Norma (Nacional) and Wilma (Liper)

Next was a play which won the first prize in the PSF Theater Festival in 2012, "STARS" by JP Lopez, directed by Vincent Tanada. This was about Norma Aunor (Glory Ann Nacional) and Wilma Santos (2012 Best Actress Cindy Liper), two neighbors who used to be best friends, but are now bitter enemies. When they argue with each other, they use famous lines from the movies of their idols, Nora Aunor and Vilma Santos, a lot of fun for fans of local pop culture. Their maids, Jolens (Quincy Ramos) and Juday (Pearl Belen) also reflect the rivalry of their masters, but their sons Boyet (Kiel Najera) and Edward (Cedie Duller) seem to be getting along just fine.

Girl (Bagtas), May-akda (Martinez) and and Boy (Garcia)

The first of the plays in the main competition this year followed, "CONTROL S" written by Cedie Duller, directed by Vincent Tanada. This was about a successful movie scriptwriter May-Akda (Brent Martinez) now devastated by the recent death of his partner Josh. The characters of the script he is working on Boy (Poul Garcia) and Girl (Cherry Bagtas) try to get him to start writing again. The concept of the play was very interesting, although I cannot say I completely understood what Boy and Girl were trying to do and why they were doing it.

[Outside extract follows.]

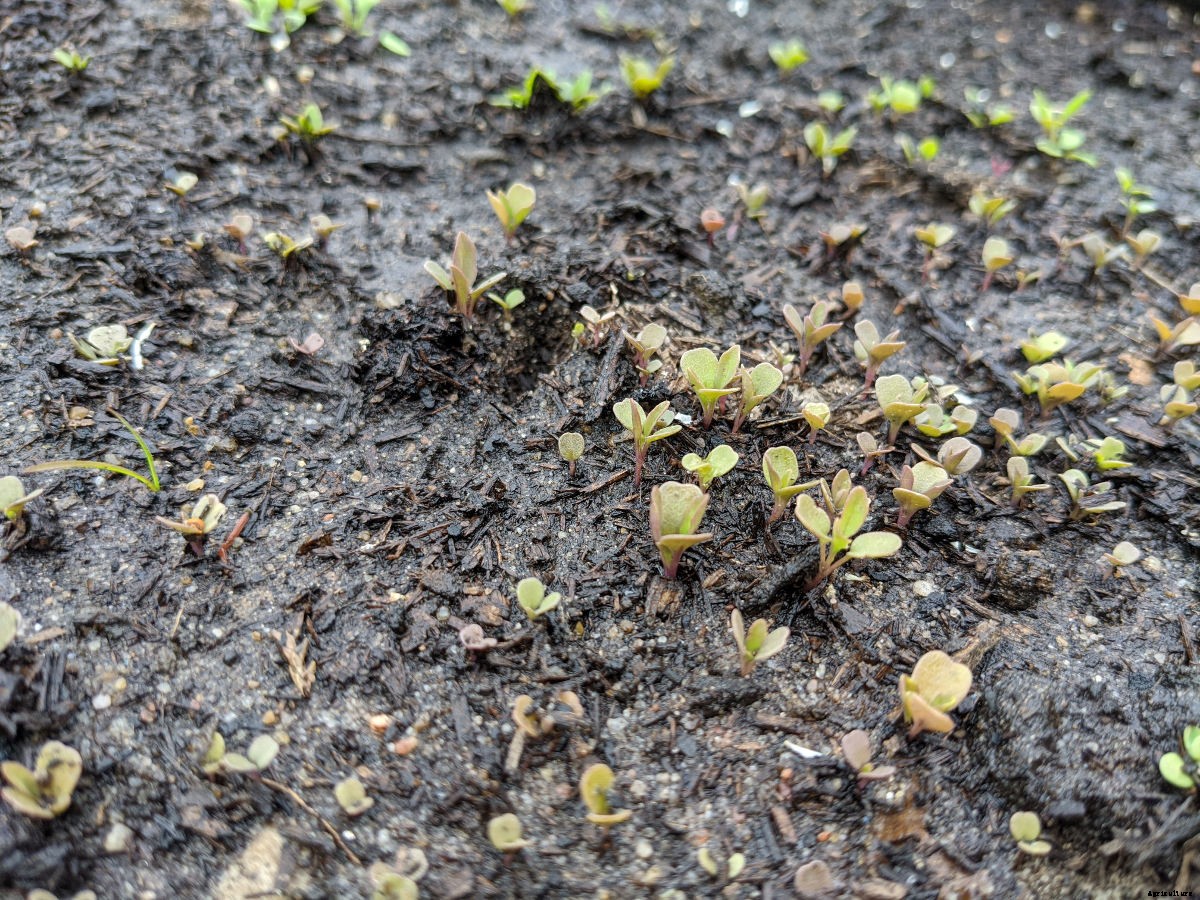How to Water Seeds Safely Without Washing Them Away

Roy (Rivas) and Dion (Bocor)

The final play of the night, which started almost 1 am already, is another play in the main competition, "THE GALLERY" written by three-time Best Play winner in the festivals past, JP Lopez, again directed by Vincent Tanada. His new play is an absurd, over-the-top play about a young drug addict gigolo Roy (Johnrey Rivas) who answered an ad by intersex artist Dion (OJ Bacor) for a model. This wild play went in all directions, with diverse elements of various genre -- comedy, sexy, horror and even politics -- all rolled into one campy, flamboyant and schizophrenic show. Its sense of the macabre simply went off the charts! I won't be surprised if this one will also win something come awards night. 

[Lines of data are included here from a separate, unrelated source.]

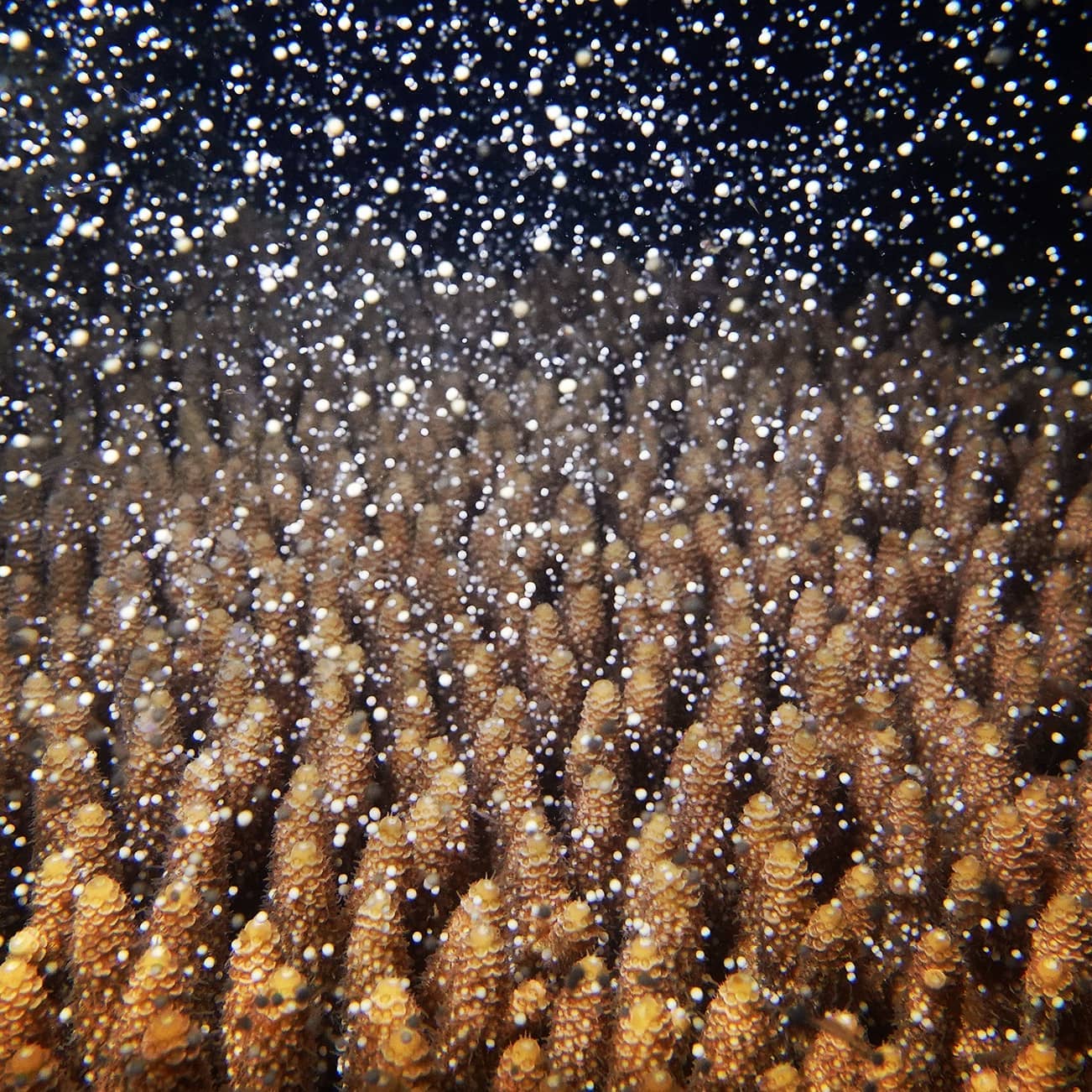 coral-spawning-season-is-here-adrenalin-snorkel-dive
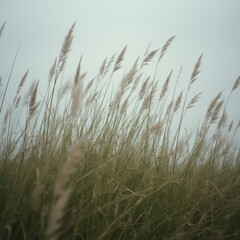 Naklejka na meble Close-up of strong winds rippling through tall grass, gray background, raw and untamed energy.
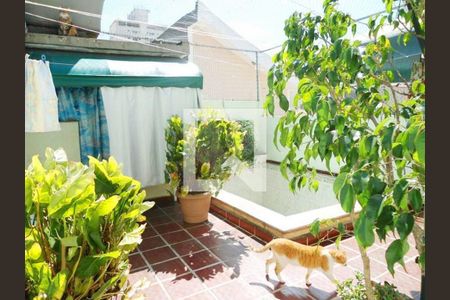 Casa à venda com 3 quartos, 250m² em Campo Belo, São Paulo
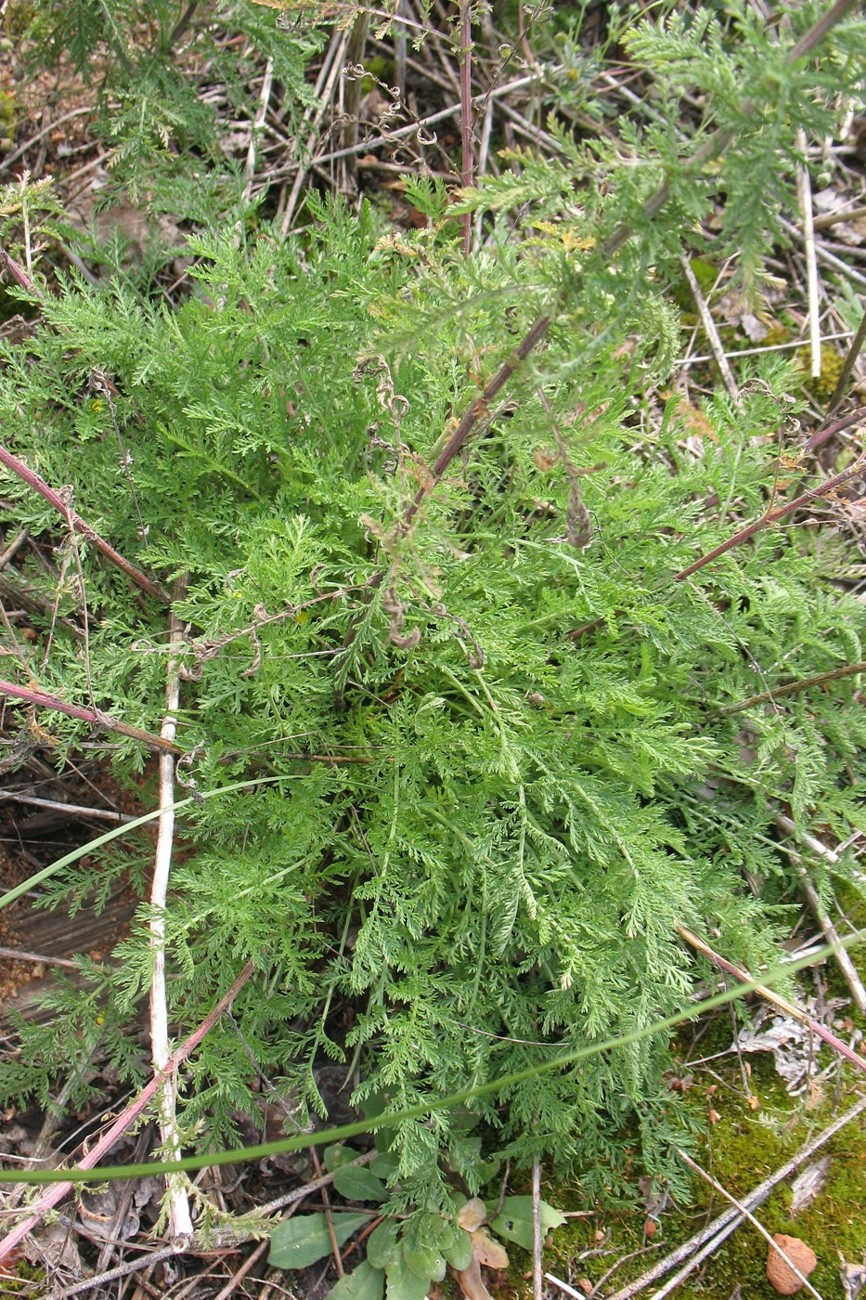 Image of Achillea nobilis specimen.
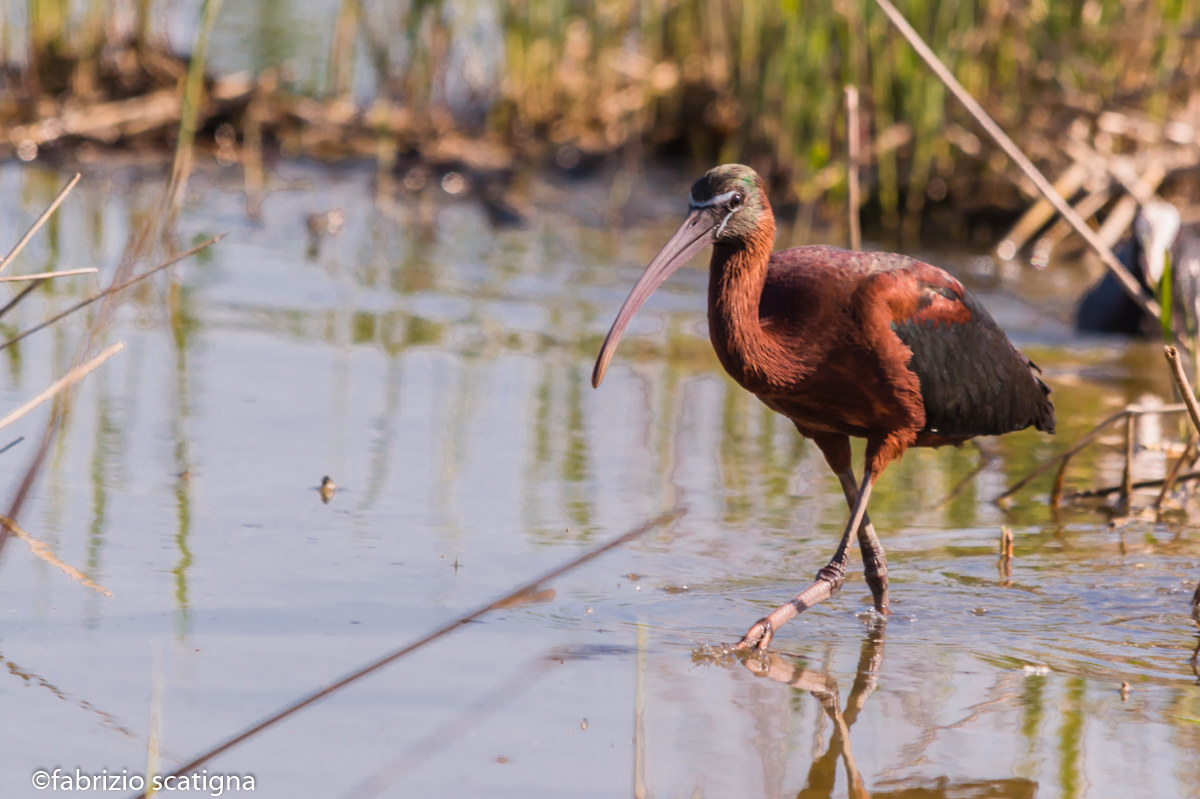 mignattaio_plegadis falcinellus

Before these competition plays, three short one act plays by workshoppers by presented and critiqued by the judges and members of the audience. These were directed by Stagers who were participating in the ongoing Director's Workshop. 

The cast of "Sa Parlor"

The first short one-act play was called "SA PARLOR" written by Atty. Vince Tanada in 2005, and performed many times over the years. This time, it was directed by Pearl Belen. This was about a pair of gay beauticians, the veteran Chit and the newcomer Chanda, who were arguing if their boss Carding was gay or not. The two actors playing the beauticians were very shrill, while the guy playing Carding was on the other end of the energy scale. There seemed to be a lot of lines missed by the nervous actors, which ended up with a puzzling plot that I did not really understand.

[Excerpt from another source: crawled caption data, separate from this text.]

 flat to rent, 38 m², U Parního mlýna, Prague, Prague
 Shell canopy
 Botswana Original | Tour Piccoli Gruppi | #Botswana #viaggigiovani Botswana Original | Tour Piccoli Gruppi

Geraldine of "Sa Carinderia"

The second short one-act play was called "SA CARINDERIA" which Atty. Tanada says he wrote 30 years ago. This was directed by Chin Ortega. This was a one-woman show about a bored owner of a roadside eatery with no customers so she ends up talking to the flies and the food she cooked (and recooked). This was certainly very challenging, but this young aspiring actress named Geraldine took it on with a lot of cheeky nerve. She was not shy to make fun of her prominent chin to gain more laughs. There may have been some issues of comic timing last night (like reacting ahead of seeing what was in the pots), but this girl is a very promising comedienne.

Biboy and Yvonne of "Babae Po Ako"

The third short one-act play was "BABAE PO AKO" written by Jordan Ladra. This was directed by Cherry Bagtas. It is about a young lady Yvonne, who had once been deceived by her first boyfriend Biboy, who turned out to be gay. Now, her new boyfriend Noel is planning to propose to her. How will she react? The pretty actress playing Yvonne was so over-the-top and loud, as was the style of actor playing Biboy. They had some funny slapstick moments together, but it was not always clear what they were talking about in all their hyper excitement.